:: EXERCISE INSTRUCTIONS ::
Write out, word for word and with no pictures, each line below from the one containing "Most Likely To" through the one containing "Kvinnebluse | V-Utforming Trekvart Erme", both included, and no other line.

:: DATA LISTING ::
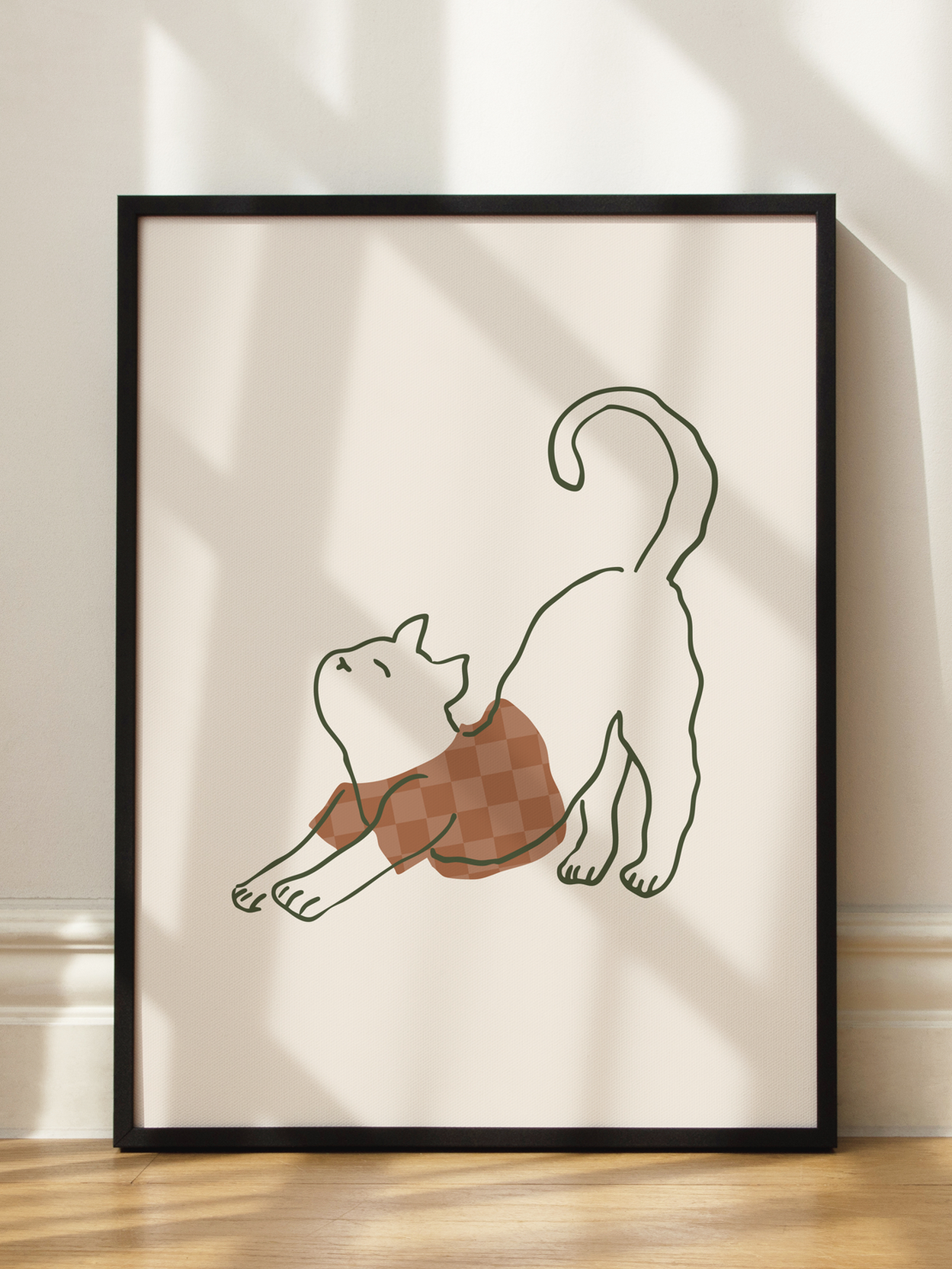 Stretching Yoga Cat Poster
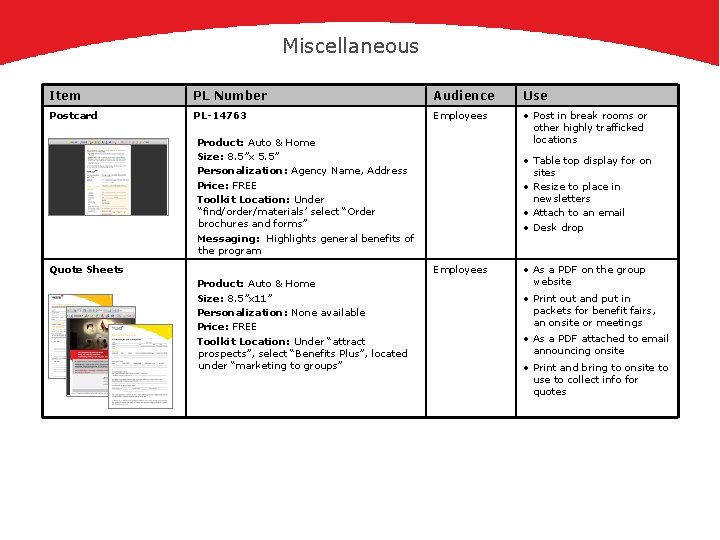 Miscellaneous Item PL Number Audience Use Postcard PL-14763 Employees • Post in break rooms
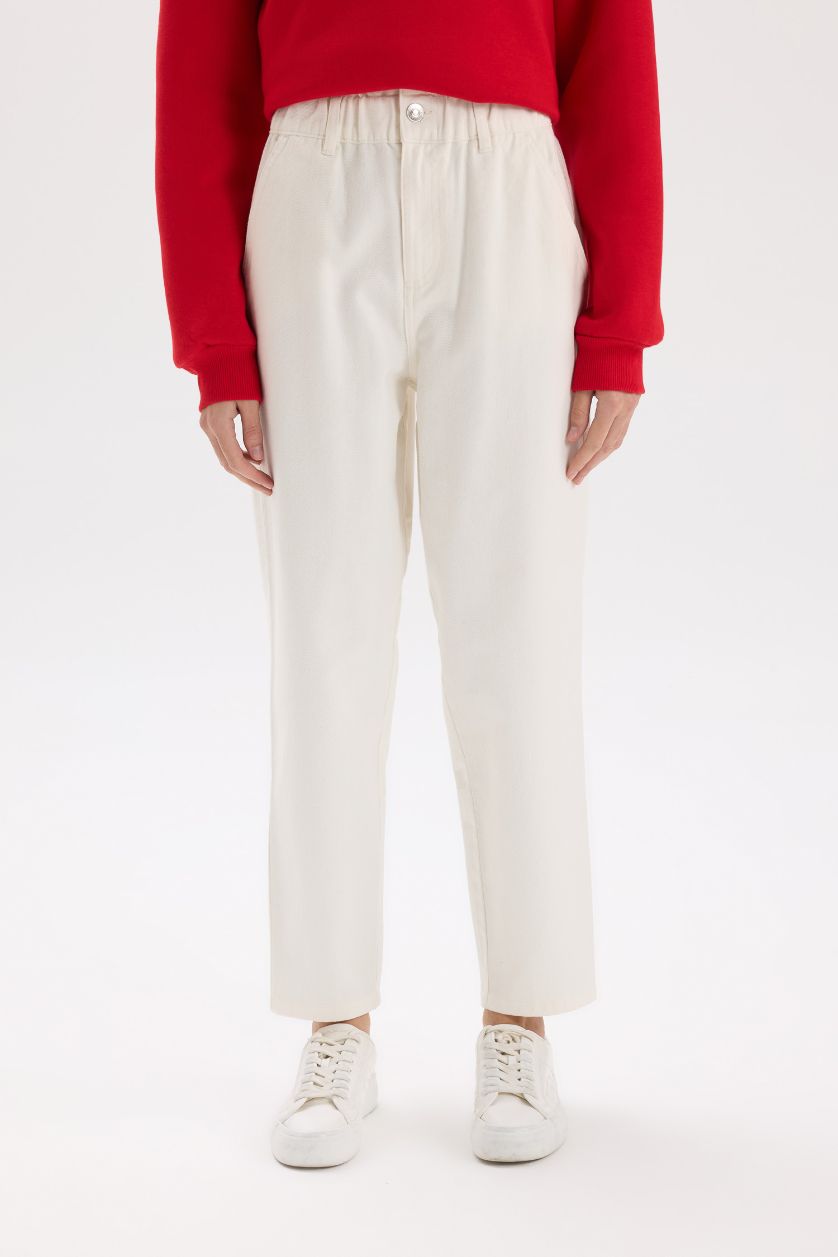 FEMME Écru Pantalon en gabardine taille haute à coupe droite avec poches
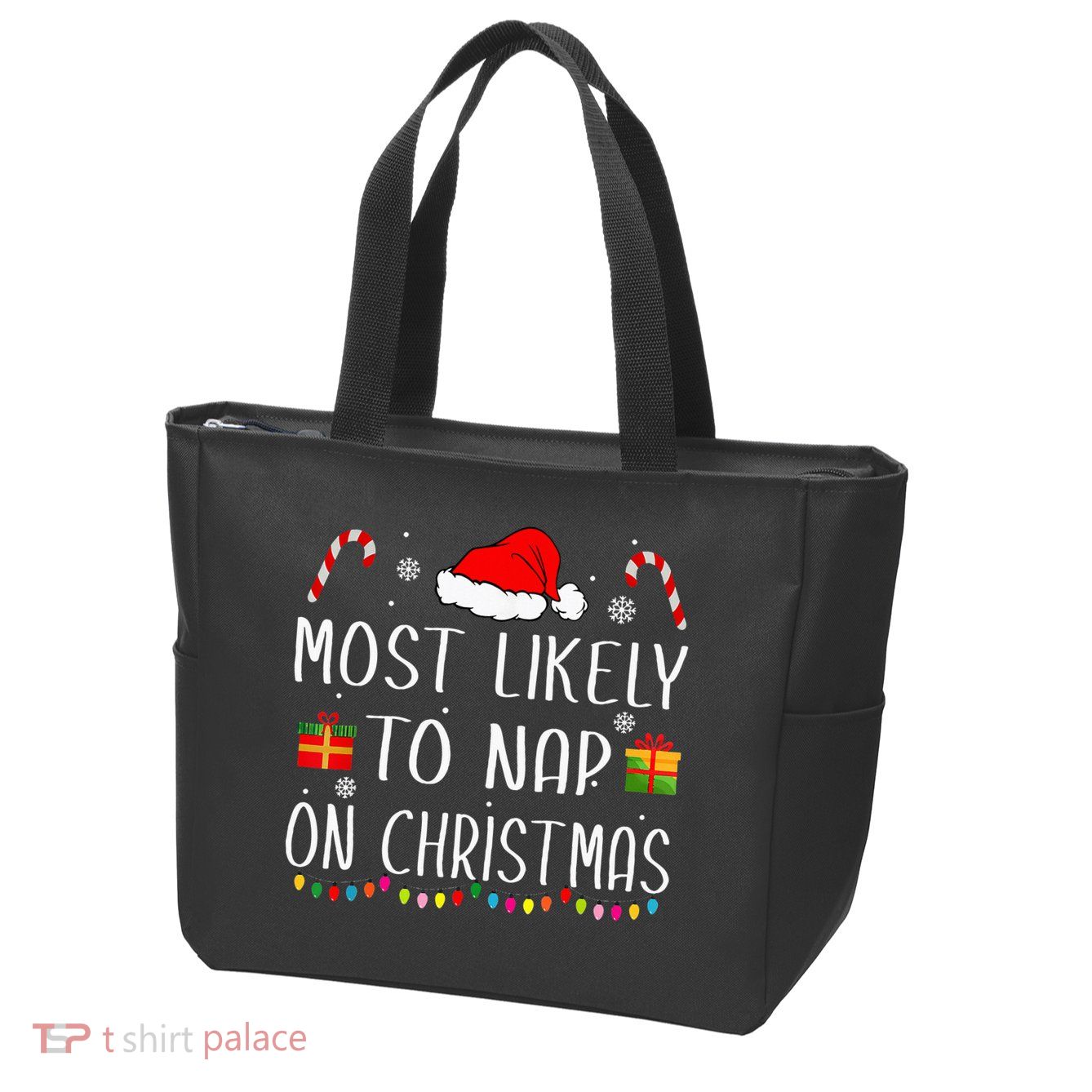 Most Likely To Nap On Christmas Family Funny Matching Zip Tote Bag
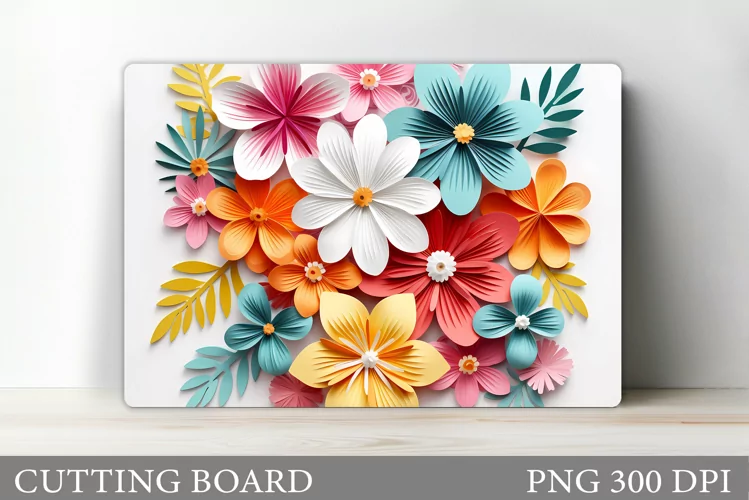 3D Flowers Cutting Board. Flowers Kitchen Cutting Board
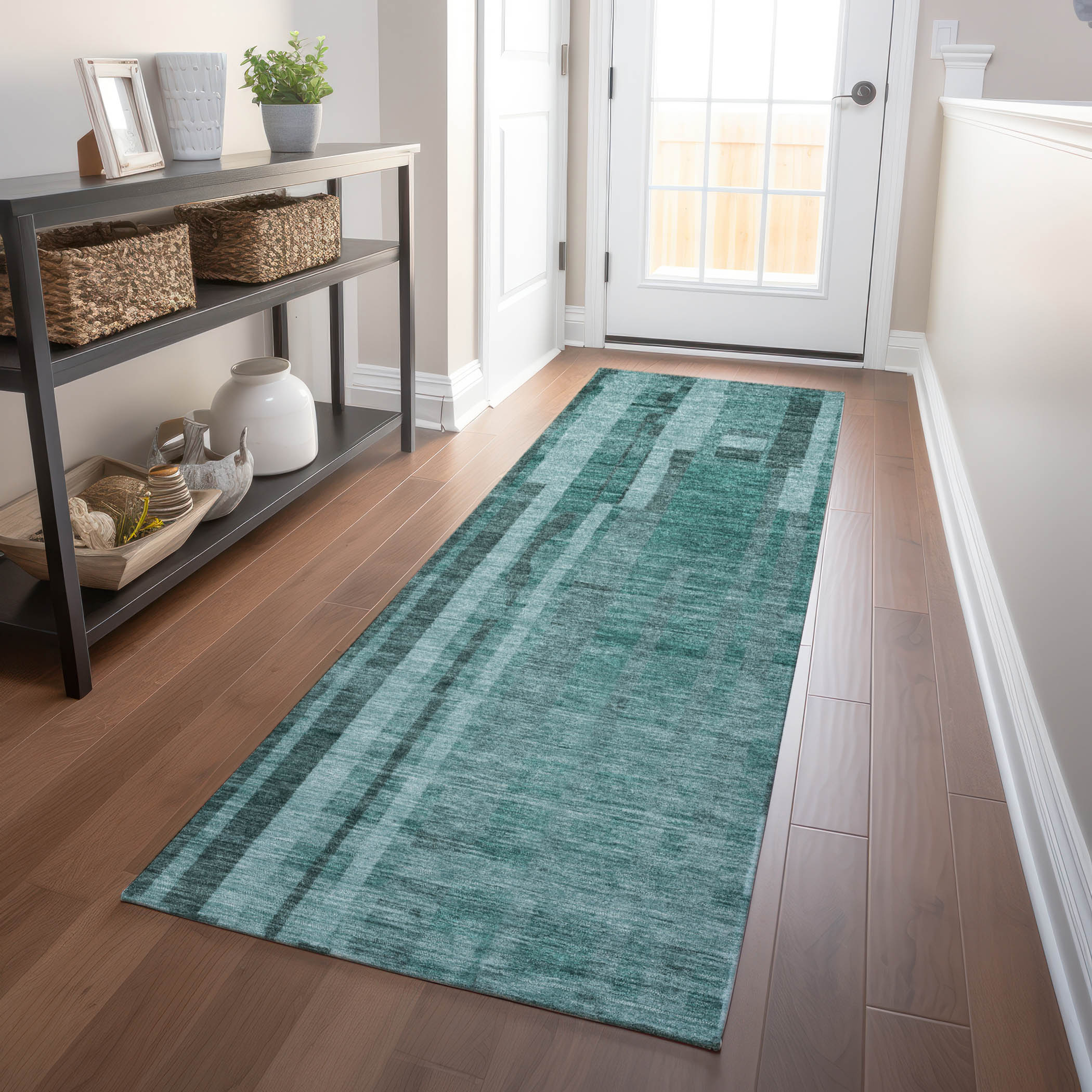 Addison Rugs ACN1063TE2X8 Chantille ACN1063TE 2 x 7 (ft) Polyester Teal Rectangular Indoor/Outdoor Geometric Machine washable Runner rug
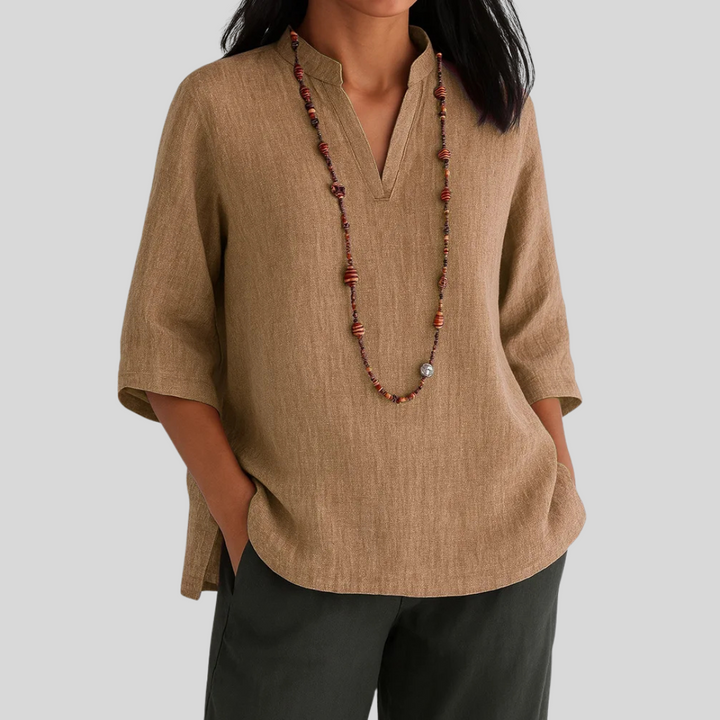 Kvinnebluse | V-Utforming Trekvart Erme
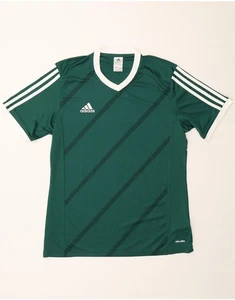 ADIDAS Mens Climalite T-Shirt Top Large Green Striped Polyester DN36 - Picture 1 of 3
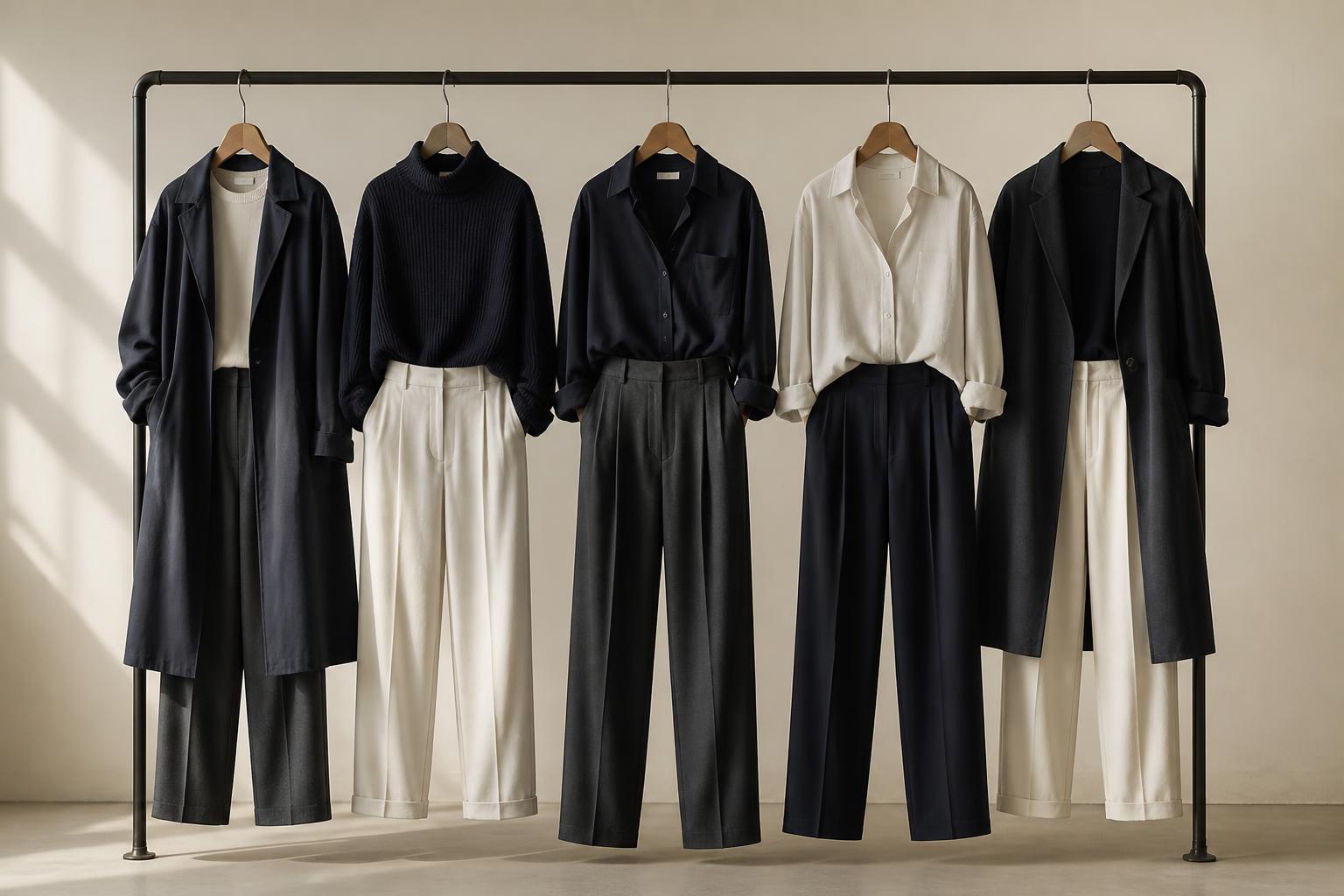 Five near-identical outfits in charcoal, navy and off-white hanging evenly spaced on a simple rail in a minimal studio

:: THE COMPLETED TASK ::
 Most Likely To Nap On Christmas Family Funny Matching Zip Tote Bag
 3D Flowers Cutting Board. Flowers Kitchen Cutting Board
 Addison Rugs ACN1063TE2X8 Chantille ACN1063TE 2 x 7 (ft) Polyester Teal Rectangular Indoor/Outdoor Geometric Machine washable Runner rug
 Kvinnebluse | V-Utforming Trekvart Erme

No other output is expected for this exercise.